[Web page caption snippets]
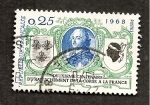 Stamps France -  CAMBIADO DM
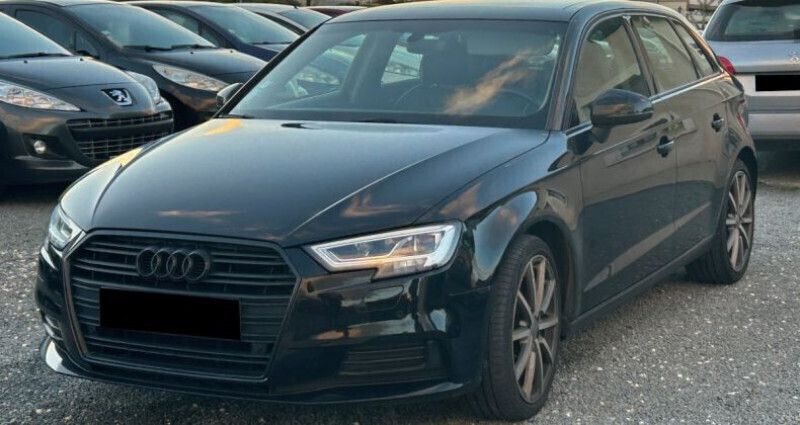Utilisé 2019 Audi A3 Sport Berline | 20 990 € - Image 1/4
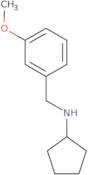 Cyclopentyl-(3-methoxy-benzyl)-amine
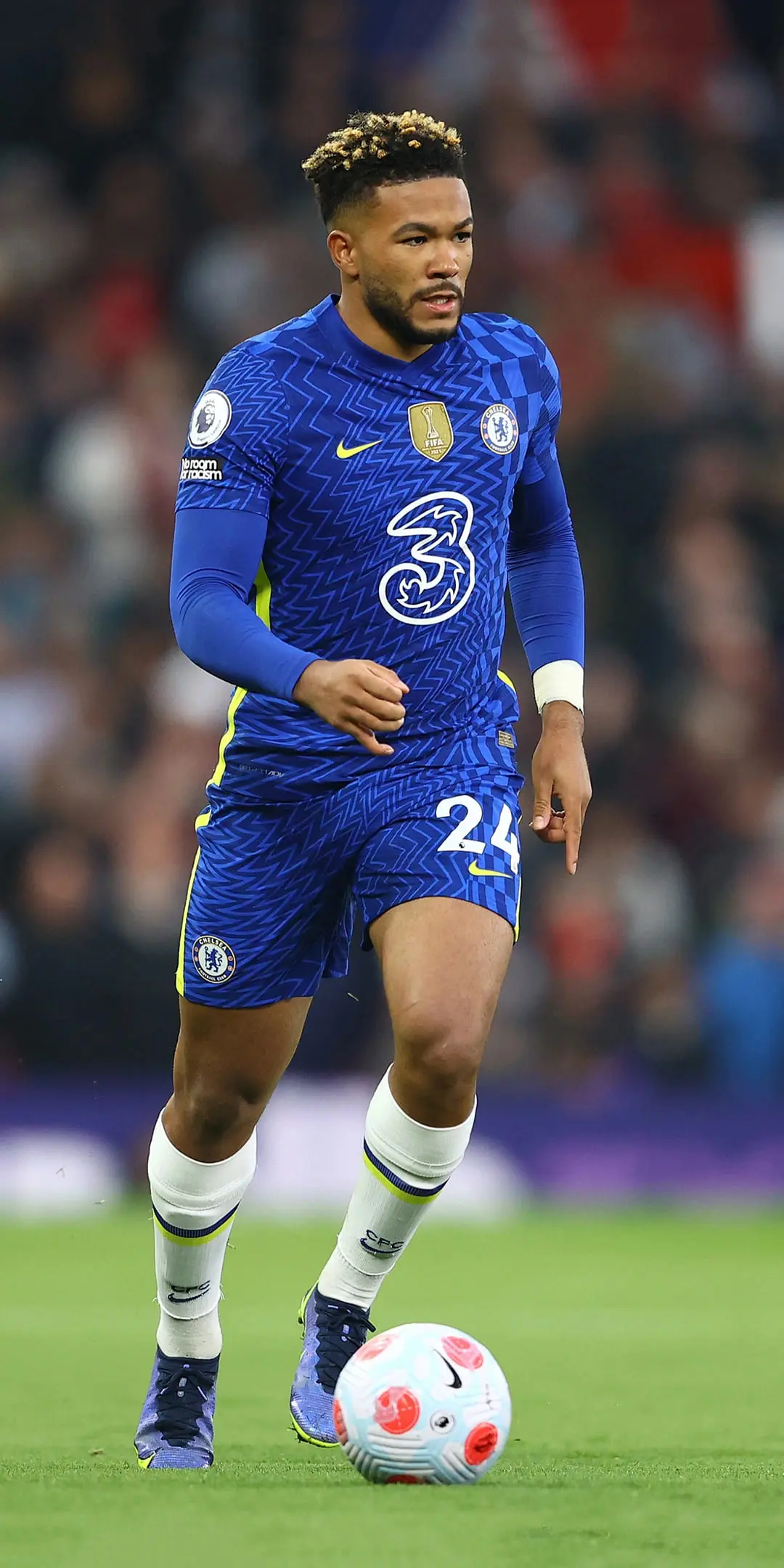 Rise of Reece James: The Future of English Football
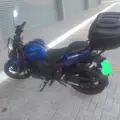 DAFRA APACHE RTR 200 DAFRA APACHE RTR 200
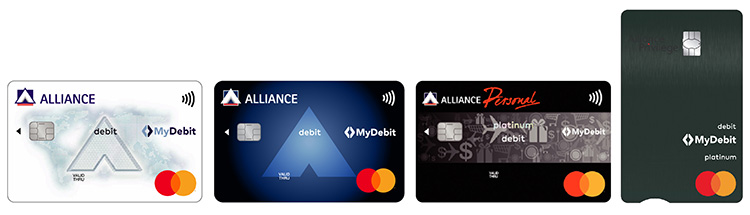 Alliance Bank Credit Card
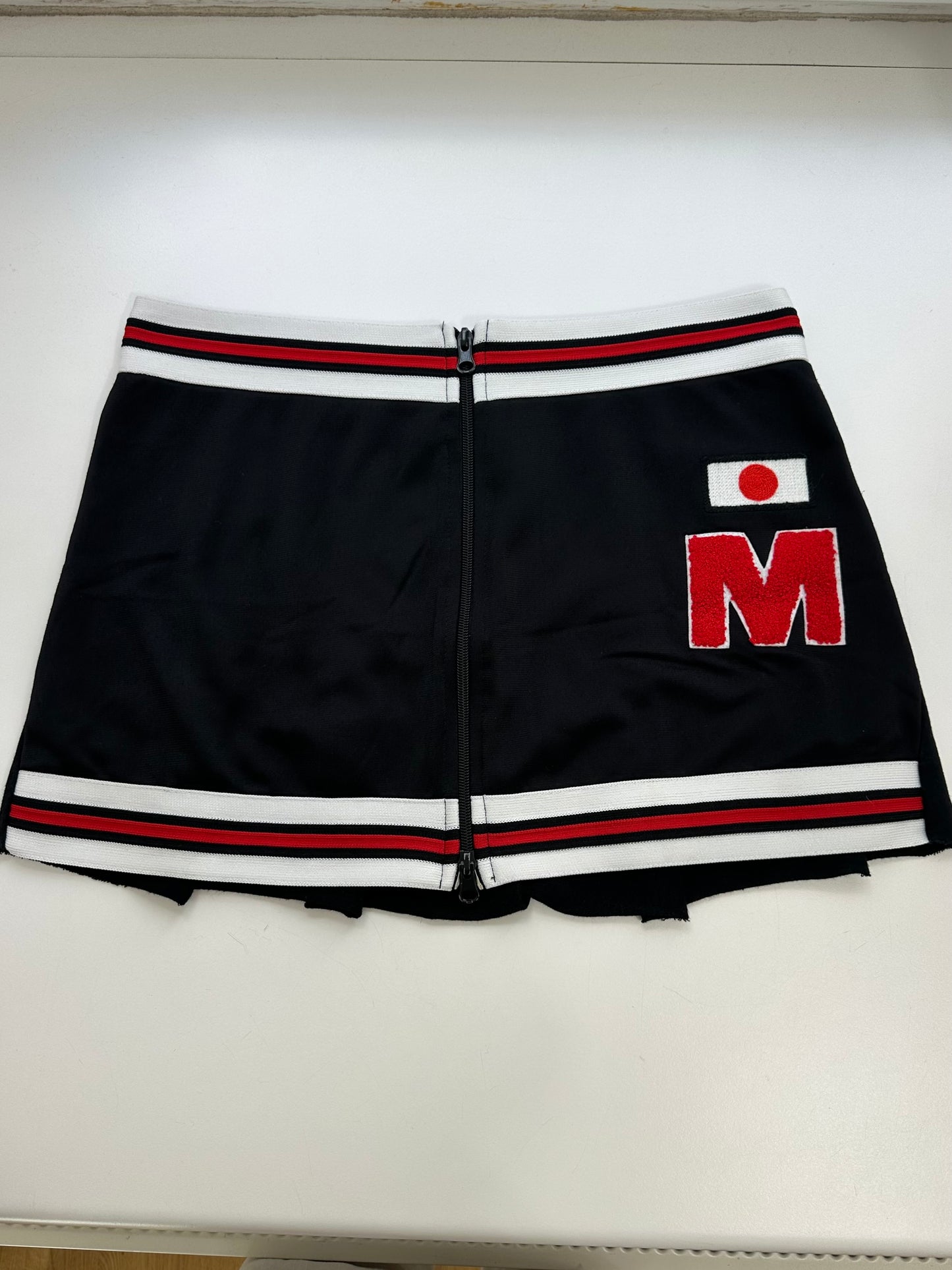 Vintage MET Mini Skirt M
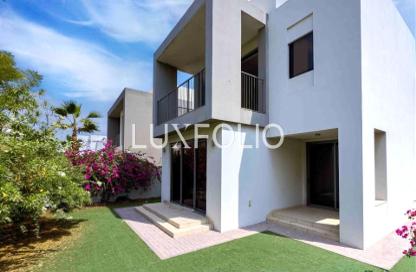 Villa - 3 Bedrooms - 4 Bathrooms for rent in Sidra Villas II - Sidra Villas - Dubai Hills Estate - Dubai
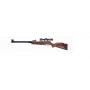 Air rifle carbine Marksman wood + scope cal. 4.5mm EKP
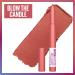 Maybelline Super Stay Ink Crayon Matte Lipstick - Blow the Candle Limited Edition - Buy Online on GoSupps.com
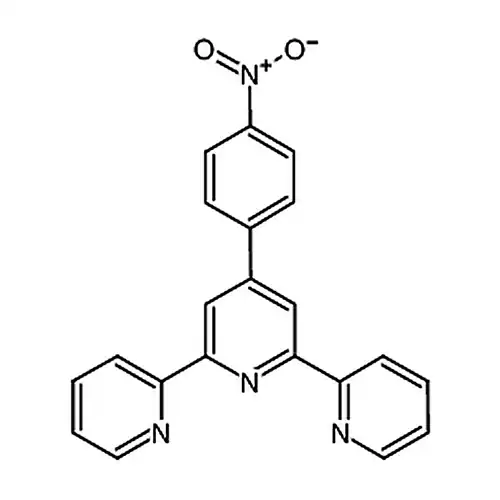 4'-(4-硝基苯基)-2,2':6',2''-三联吡啶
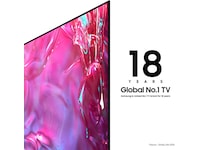 Samsung 98" DU9005K LED TV TU98DU9005K Over 80 tommer TV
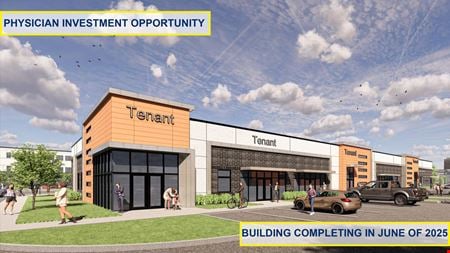 Preview of Office space for Rent at S Promenade Blvd & W Oak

■ EXERCISE PROMPT ■
All lines from the one with "Vintage MET Mini Skirt M" through the end of the records above must be reproduced exactly, both ends included, and the pictures must be left out.

■ SOLUTION TO THIS PROBLEM ■
 Vintage MET Mini Skirt M
 Villa - 3 Bedrooms - 4 Bathrooms for rent in Sidra Villas II - Sidra Villas - Dubai Hills Estate - Dubai
 Air rifle carbine Marksman wood + scope cal. 4.5mm EKP
 Maybelline Super Stay Ink Crayon Matte Lipstick - Blow the Candle Limited Edition - Buy Online on GoSupps.com
 4'-(4-硝基苯基)-2,2':6',2''-三联吡啶
 Samsung 98" DU9005K LED TV TU98DU9005K Over 80 tommer TV
 Preview of Office space for Rent at S Promenade Blvd & W Oak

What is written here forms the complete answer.